People had a general idea of local nodules allocation peculiarities. The discovery in 1950s of the Clarion-Clipperton Zone in the eastern part of the near-equatorial zone of the Pacific Ocean has become an important practical result. This Zone is the richest in terms of commercial components content and ore-bearing scale. In early 1970s, the researchers brought the basic FMNs expansion behavior in the World Ocean to light.

 

Thereafter, we are now able to assert the beginning of the third stage of comprehensive researches in the sphere of FMNs mining technologies: starting from early 1980s, they started regular geological prospecting and exploration activities aimed at the preparation to practical development of deposits in the World Ocean water areas.
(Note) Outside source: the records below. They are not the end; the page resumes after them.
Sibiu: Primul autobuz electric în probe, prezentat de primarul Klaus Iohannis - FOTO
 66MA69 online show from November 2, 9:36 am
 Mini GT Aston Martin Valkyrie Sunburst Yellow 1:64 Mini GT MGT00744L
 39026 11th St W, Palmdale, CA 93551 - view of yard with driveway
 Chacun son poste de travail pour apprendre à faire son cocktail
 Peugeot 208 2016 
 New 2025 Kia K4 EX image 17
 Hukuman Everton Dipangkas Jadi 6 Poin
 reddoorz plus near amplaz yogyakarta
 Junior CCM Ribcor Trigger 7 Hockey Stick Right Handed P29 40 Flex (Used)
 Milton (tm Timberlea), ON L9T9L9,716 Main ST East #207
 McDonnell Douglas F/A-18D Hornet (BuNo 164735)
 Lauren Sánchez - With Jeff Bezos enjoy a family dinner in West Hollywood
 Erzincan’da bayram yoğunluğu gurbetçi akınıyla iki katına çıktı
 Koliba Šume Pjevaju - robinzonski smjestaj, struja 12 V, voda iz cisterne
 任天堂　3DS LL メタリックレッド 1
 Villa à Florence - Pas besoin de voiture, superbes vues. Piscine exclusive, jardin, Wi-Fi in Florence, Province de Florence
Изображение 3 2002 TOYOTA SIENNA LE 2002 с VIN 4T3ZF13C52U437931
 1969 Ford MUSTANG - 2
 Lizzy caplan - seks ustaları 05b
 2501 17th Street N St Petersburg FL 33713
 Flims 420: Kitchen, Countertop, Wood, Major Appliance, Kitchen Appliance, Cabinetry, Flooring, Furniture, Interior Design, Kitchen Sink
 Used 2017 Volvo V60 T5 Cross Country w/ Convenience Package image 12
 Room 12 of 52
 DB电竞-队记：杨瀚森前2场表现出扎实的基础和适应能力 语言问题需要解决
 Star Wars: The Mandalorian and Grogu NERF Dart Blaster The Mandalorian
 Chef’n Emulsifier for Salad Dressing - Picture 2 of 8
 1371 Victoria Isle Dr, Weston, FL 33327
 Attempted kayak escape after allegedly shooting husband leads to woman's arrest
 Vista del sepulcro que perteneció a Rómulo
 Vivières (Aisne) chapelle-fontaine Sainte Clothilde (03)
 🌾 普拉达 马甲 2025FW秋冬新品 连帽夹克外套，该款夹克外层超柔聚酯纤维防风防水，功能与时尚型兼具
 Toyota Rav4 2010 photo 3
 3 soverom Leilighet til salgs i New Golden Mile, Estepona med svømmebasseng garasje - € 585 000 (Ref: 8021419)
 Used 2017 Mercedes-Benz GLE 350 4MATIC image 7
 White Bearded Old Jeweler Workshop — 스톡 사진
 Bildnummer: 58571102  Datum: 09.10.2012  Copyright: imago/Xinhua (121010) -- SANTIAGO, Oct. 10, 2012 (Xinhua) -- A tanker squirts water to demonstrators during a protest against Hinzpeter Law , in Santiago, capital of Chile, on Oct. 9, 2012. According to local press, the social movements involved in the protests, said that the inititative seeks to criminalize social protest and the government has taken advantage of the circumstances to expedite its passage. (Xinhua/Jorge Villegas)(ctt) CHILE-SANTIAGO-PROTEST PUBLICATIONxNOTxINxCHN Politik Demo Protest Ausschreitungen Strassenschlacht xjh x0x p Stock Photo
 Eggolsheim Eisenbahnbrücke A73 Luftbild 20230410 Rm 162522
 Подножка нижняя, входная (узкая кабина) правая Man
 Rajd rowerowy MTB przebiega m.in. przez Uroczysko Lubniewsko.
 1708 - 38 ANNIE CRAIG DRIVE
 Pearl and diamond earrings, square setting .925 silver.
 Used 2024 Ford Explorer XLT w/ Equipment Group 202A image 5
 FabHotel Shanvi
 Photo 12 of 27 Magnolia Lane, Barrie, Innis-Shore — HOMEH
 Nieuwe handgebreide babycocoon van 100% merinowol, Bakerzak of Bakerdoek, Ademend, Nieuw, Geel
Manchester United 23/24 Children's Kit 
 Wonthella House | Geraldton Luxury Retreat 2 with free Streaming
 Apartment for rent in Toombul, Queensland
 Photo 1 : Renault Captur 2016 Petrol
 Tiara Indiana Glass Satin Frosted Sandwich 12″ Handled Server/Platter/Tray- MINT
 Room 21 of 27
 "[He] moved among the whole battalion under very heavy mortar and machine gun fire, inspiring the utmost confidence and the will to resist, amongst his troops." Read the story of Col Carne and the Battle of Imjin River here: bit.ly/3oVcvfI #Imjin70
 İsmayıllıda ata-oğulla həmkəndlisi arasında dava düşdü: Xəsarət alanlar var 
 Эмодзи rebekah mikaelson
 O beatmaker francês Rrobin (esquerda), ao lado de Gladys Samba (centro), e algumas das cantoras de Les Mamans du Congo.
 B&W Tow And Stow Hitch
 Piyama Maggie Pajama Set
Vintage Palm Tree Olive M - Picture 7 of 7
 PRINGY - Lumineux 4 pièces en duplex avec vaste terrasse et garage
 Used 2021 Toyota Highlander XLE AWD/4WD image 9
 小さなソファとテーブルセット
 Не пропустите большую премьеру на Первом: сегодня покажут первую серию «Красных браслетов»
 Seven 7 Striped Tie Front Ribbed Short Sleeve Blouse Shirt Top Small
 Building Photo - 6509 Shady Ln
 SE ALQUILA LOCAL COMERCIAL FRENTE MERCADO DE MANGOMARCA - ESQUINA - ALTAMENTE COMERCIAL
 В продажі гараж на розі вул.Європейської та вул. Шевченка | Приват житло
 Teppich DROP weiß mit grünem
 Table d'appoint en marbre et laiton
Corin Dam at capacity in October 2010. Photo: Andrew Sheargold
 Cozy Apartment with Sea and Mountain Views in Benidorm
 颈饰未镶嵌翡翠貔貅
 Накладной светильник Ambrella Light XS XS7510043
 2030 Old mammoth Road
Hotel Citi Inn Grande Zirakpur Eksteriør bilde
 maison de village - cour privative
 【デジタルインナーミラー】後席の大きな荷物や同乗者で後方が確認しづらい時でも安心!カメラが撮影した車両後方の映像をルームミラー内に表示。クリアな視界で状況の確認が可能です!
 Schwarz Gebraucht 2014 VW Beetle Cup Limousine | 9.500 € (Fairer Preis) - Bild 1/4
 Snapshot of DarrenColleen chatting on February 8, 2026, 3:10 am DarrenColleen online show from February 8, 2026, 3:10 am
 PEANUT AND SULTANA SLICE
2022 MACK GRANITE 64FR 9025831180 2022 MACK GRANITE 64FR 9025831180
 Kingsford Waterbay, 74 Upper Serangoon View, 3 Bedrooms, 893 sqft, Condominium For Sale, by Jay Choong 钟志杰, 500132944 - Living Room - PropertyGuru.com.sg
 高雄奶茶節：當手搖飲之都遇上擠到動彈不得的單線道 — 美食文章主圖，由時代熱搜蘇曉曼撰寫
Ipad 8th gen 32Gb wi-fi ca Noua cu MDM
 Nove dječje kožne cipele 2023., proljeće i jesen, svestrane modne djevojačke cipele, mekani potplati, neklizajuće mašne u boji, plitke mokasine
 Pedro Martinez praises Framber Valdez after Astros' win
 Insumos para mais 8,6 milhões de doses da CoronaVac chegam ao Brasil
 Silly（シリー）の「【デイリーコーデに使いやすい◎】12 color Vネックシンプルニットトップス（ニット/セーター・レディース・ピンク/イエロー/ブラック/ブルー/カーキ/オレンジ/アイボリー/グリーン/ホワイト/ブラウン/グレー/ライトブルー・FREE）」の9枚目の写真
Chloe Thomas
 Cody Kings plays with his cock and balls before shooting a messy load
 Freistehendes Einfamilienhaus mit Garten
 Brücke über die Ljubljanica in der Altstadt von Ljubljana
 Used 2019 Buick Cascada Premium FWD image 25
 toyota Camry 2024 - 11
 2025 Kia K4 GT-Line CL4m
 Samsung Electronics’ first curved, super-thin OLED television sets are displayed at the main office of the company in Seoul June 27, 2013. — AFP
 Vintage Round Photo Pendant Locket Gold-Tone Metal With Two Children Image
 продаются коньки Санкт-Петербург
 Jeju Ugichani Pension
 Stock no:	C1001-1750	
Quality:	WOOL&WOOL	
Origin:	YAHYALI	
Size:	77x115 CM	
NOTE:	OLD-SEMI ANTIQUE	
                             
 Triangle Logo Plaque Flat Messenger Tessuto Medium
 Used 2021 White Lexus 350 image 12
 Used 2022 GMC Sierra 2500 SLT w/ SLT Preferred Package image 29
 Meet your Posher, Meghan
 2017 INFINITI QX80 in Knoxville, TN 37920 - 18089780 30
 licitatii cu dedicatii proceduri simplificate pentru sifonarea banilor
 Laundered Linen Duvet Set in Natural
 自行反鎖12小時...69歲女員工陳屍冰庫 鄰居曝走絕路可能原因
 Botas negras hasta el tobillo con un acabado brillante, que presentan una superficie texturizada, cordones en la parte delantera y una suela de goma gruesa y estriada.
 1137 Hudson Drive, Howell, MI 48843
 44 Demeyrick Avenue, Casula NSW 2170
In 1982, the United Nations Convention on the Law of the Sea was executed and acknowledged to establish international legal regulations to be observed by ISA contractors in the course of prospecting, exploration and mining operations within the International Seabed Area. The International Seabed Authority (the UN ISA) was established to control and manage mineral resources in the Area.

 

 

The FMN deposits exploration activities are regulated by the UN ISA and the International Tribunal for the Law of the Sea documents, in particular, the Rules for Prospecting and Exploration of Ferromanganese Nodules within the Area. The most active geological prospecting and exploration operations have been particularly focused on the Clarion-Clipperton Province. Within its borders, there are over 20 license areas each containing a separate FMNs deposit, meaning that each area has such a concentration, reserves and quality of ores that satisfy the requirements of revenue-producing operation consistent with with the rules and procedures established by the UN ISA.